POGO Comments on Responsible Contractor "Anti-Scofflaw" Federal Regulations
General Services Administration
FAR Secretariat (MVR)
ATTN: Ms. Laurie Duarte
1800 F Street, NW, Room 4035
Washington, DC 20405
Re: FAR Case 1999-010
Dear Ms. Duarte:
Thank you for the opportunity to comment on Federal Acquisition Regulation (FAR) case 1999-010. POGO is a nonprofit, nonpartisan organization that has, for almost 20 years, investigated, exposed and worked to remedy abuses of power, mismanagement, and subservience to special interests, by the Federal government.
We support the proposed amendment that would clarify existing FAR rules that instruct Federal contracting officers to enter only into contracts with "responsible contractors." The proposed anti-scofflaw regulation would make it clear to businesses that there actually are consequences for breaking the law.

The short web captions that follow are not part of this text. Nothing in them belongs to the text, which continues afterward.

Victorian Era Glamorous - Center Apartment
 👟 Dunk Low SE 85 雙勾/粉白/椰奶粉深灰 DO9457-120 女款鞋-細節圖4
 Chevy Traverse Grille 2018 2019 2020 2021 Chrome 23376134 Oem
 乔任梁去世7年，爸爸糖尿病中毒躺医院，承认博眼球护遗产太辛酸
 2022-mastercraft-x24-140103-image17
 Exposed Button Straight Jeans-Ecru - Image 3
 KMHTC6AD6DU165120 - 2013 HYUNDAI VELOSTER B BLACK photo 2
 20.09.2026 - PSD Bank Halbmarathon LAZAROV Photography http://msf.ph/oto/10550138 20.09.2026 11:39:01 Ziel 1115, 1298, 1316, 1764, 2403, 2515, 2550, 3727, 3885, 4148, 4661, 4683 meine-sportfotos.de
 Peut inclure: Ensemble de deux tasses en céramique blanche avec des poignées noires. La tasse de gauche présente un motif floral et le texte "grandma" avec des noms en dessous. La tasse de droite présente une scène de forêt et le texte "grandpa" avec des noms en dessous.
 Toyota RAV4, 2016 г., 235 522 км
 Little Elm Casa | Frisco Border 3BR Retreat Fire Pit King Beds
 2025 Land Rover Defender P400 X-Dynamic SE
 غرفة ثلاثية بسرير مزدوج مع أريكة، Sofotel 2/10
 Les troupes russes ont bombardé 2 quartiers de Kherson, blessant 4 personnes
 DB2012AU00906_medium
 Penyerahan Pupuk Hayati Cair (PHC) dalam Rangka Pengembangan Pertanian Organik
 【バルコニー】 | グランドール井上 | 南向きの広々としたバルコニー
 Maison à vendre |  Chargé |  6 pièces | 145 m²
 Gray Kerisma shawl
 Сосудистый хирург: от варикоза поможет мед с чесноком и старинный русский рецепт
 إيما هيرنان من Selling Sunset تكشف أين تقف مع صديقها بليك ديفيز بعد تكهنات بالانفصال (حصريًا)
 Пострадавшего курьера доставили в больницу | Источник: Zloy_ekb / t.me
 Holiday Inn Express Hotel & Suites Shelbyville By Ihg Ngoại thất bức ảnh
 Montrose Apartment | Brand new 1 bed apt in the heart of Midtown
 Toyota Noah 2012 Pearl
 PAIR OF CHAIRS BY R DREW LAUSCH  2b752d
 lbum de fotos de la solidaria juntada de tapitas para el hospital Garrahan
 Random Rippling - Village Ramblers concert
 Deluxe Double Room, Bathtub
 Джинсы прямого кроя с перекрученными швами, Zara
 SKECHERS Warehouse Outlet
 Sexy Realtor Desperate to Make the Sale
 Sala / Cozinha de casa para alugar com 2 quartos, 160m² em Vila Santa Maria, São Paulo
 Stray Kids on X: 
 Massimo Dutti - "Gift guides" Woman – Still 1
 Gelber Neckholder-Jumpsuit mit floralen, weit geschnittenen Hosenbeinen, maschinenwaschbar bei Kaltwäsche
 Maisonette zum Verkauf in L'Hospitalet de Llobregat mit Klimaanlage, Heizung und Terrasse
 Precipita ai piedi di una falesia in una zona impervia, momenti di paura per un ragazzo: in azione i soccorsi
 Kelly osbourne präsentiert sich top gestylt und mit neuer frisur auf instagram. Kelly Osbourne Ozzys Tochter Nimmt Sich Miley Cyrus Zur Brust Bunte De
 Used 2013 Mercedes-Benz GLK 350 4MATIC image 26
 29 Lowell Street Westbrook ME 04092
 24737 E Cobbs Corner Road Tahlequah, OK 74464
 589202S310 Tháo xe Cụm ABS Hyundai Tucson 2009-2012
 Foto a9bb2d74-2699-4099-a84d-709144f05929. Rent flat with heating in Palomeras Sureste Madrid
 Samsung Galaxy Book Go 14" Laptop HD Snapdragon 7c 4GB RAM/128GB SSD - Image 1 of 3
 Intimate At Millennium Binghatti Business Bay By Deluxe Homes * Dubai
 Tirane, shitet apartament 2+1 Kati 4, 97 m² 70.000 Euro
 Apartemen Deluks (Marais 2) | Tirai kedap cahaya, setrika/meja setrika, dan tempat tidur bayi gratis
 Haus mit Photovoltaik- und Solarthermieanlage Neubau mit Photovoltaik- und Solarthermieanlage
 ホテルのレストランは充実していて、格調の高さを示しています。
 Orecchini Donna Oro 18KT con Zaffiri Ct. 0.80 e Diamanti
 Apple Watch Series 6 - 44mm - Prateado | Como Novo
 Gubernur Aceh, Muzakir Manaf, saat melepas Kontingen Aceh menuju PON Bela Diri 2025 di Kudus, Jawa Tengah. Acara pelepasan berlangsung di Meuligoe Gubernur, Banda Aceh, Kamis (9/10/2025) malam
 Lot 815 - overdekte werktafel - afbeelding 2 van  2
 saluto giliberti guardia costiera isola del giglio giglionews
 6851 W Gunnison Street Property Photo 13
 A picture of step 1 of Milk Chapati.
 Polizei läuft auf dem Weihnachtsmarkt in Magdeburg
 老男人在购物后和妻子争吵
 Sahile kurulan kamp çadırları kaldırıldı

It would also make clear that taxpayers will no longer pay for any of the legal defense costs of businesses that have violated laws.
The first issue addressed by the proposed rule is the current practice of awarding Federal contracts to businesses that have repeatedly or substantially violated laws or regulations. In clarifying the existing FAR, the proposed rule includes examples of what a "satisfactory record of integrity and business ethics" would involve. These examples include "compliance with federal laws including tax laws, labor and employment laws, environmental laws, antitrust laws, and consumer protection laws."
Furthermore, the proposed rule would require that "All offerors must certify to contracting officers whether within the past three years, they have been convicted of any felonies (or have any felony indictment currently pending against them) or have otherwise been found liable in a civil proceeding arising from violation of any federal tax, labor and employment, environmental, antitrust, or consumer protection laws."
Although common sense would eliminate from consideration any companies who have seriously or repeatedly violated the law from consideration for further contract awards, common practice apparently does not. There are numerous examples where a company that has been fined for regulatory violations has been awarded contract after contract by the Federal government.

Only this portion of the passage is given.